India’s Research And Development Conundrum : Historical Approach Analysis
India is far behind in research and development ( R and D ) activities. India’s R and D is just 0.7% of the Gross Domestic Product ( GDP ). USA, Israel, and South Korea, each having R and D more than 3% of their GDP.
Normally most global companies spend 3% on R and D against their sale. It is a global practice. But there are a few exceptions to it like Google, Apple and Samsung which spend more than 15% on R and D against their sales.
In the Indian scenario, there are only a few companies which spend 3% or more on their research activities. Most Indian companies spend on their R and D activities is less than 1% of their sales.
So, how will we explain this niggardness of Indian companies spending on R and D ? Are they have a shortage of funds to spend on R and D?
It has appeared that Indian companies do not have a shortage of funds to finance R and D activities. We can guess the surplus of funds with the companies through their balance sheet. So, we have to find the answer somewhere else. So, what could be the answer?
The first reason may be the risks associated with the R and D activities. When a company invest in R and D activities, there is no surety whether that investment will be paid off or not. So, R and D activities are always related to a huge investment loss.
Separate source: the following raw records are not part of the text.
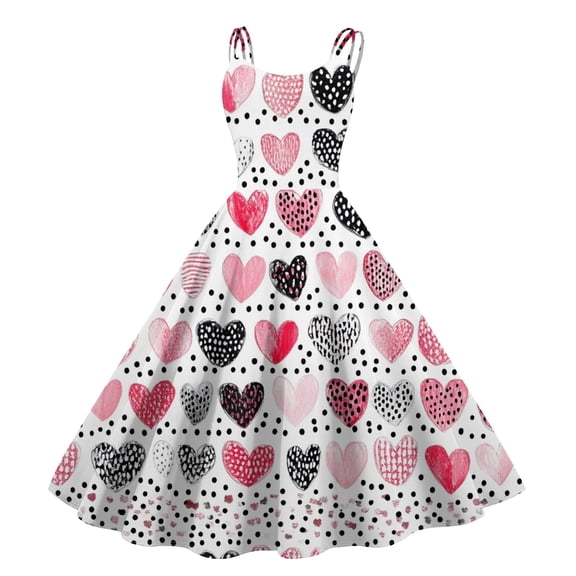 LWavelet 2026 Valentine's Romantic Shiny Sequin Dress for Women, Spaghetti Strap Heart & LOVE Lettering Fitted Waist Flared Sundresses Pink XL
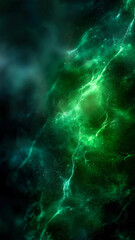 Obraz premium Abstract green nebula with bright streaks and cosmic dust, resembling a vibrant, otherworldly galaxy in deep space.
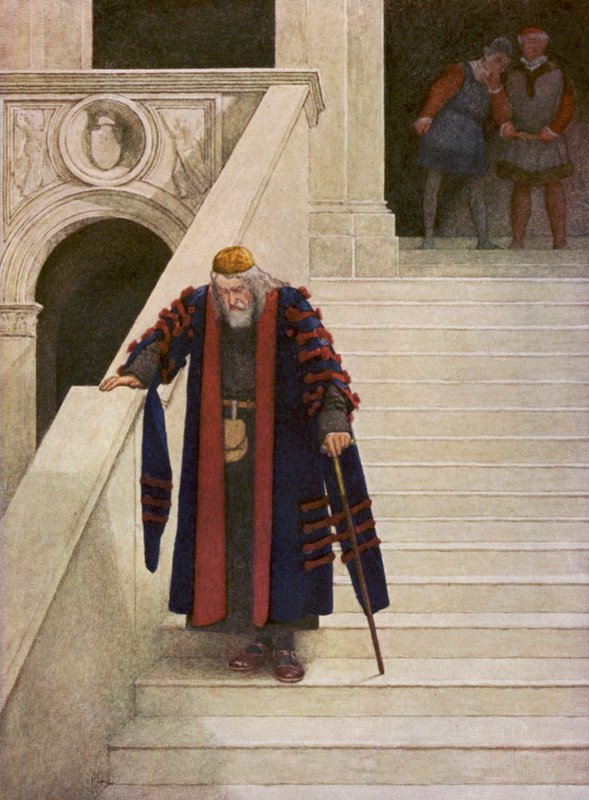 Shakespeares Købmanden i Venedig: Shylock forlader hertugpaladset (farvelitografi) af James Dromgole Linton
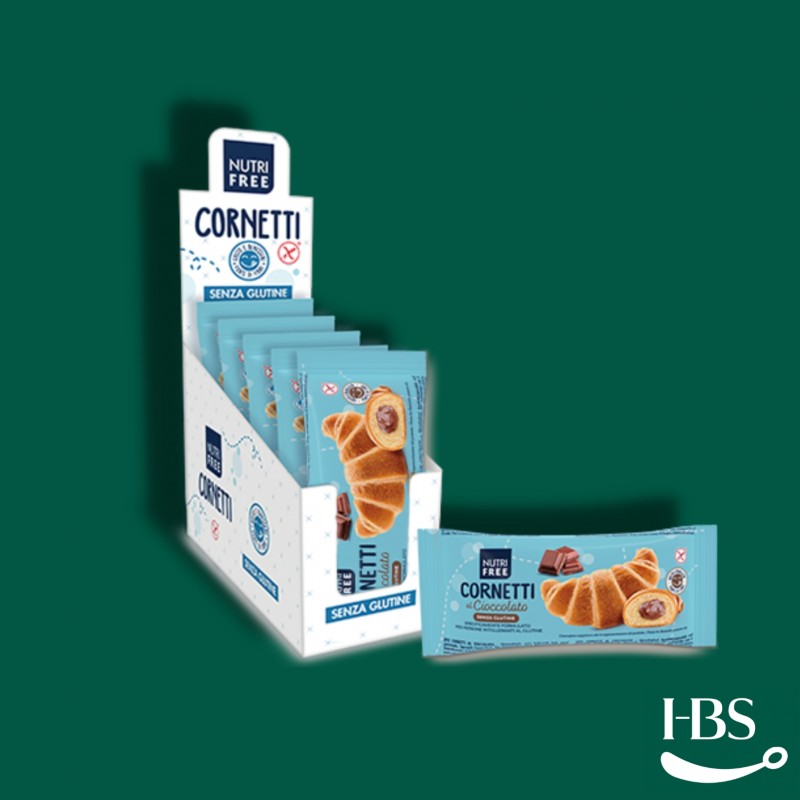 Cornetti al cioccolato 60 g NEW 30 pz (6 display box x 5 pz)  NUTRIFREE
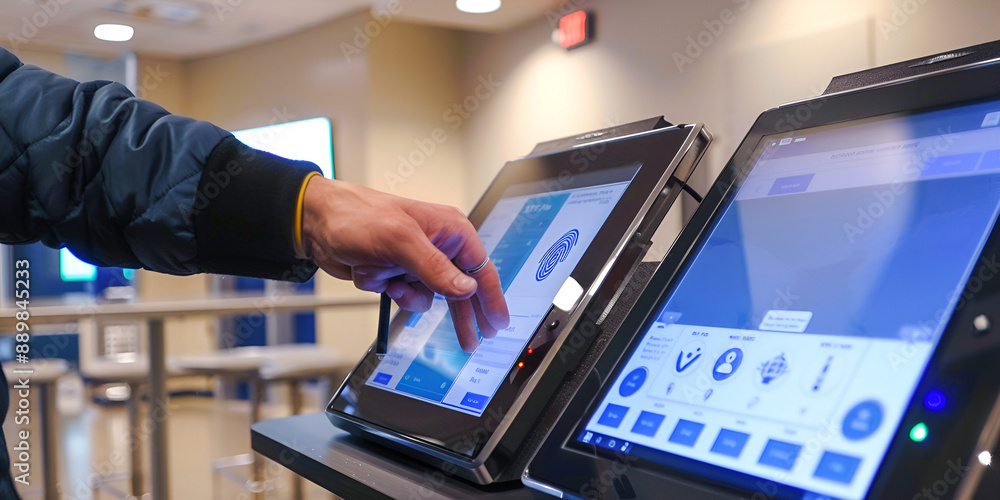 Person Using Interactive Digital Kiosk at Modern Facility, User ...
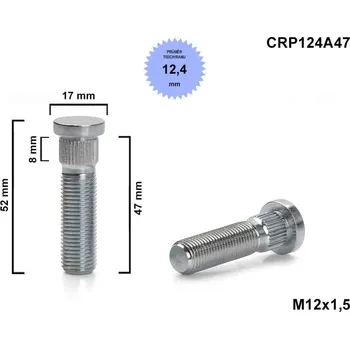Kolový svorník šteft M12x1,5x47 tisícihran průměr 12,4 mm, CRP124A47, PR14/P
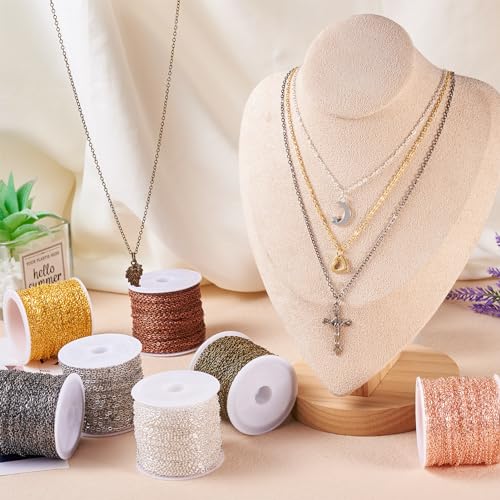 Oval Link ketting geraspt platte Twisted Cross Chain Messing gecoate ijzeren uitbreiding kettingen Bulk voor mannen Vrouwen DIY armband sieraden maken goud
As Indian companies are mostly risk aversive, they do not take calls of risky investments of R and D.
The second reason may be that most of the present big businesses listed on the share market were earlier owned by trading people or communities. In trading, there are comparatively fewer risks. So, through generations, these trading people were habitual to avoid the risks. This is also reflected in the present-day generations’ business also.
To conclude, R and D is the issue of mindset and not the shortage of funds.